Exactly as written, transcribe the lines that run from the one containing "Gastritis cont, d" to the end of the records below.

Dataset excerpts:
┄┄┄┄┄┄┄┄┄┄

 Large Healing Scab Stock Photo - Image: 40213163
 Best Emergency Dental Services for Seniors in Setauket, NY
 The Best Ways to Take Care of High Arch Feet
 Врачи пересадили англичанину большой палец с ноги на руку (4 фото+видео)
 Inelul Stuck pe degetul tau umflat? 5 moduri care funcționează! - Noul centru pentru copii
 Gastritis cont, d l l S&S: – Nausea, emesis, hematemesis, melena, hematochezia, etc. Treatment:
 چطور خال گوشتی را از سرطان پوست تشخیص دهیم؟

┄┄┄┄┄┄┄┄┄┄

» **Result of this task**:
 Gastritis cont, d l l S&S: – Nausea, emesis, hematemesis, melena, hematochezia, etc. Treatment:
 چطور خال گوشتی را از سرطان پوست تشخیص دهیم؟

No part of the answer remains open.